### SOURCE MATERIAL:
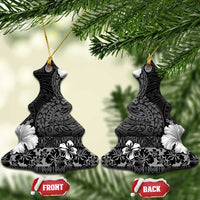 Hawaii Hibiscus With Black Polynesian Pattern Ceramic Ornament LT05 Christmas Tree Black - Polynesian Pride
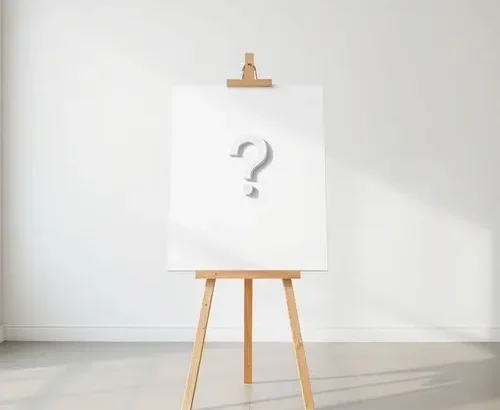 An empty white canvas with a question mark, indicating missing article content.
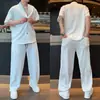 Traje Casual de Dos Piezas para Hombre, Estilo Old Money de Verano, Cuello en V, Textura de Raya Vertical, Corte Holgado, Talla Grande, Cárdigan de Manga Corta y Pantalones Largos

### EXERCISE DIRECTIONS:
Reproduce the lines of the data that run from the one containing "An empty white" to the final line, both included, exactly as they appear and without the pictures.

### ANSWER TO THIS TASK:
 An empty white canvas with a question mark, indicating missing article content.
 Traje Casual de Dos Piezas para Hombre, Estilo Old Money de Verano, Cuello en V, Textura de Raya Vertical, Corte Holgado, Talla Grande, Cárdigan de Manga Corta y Pantalones Largos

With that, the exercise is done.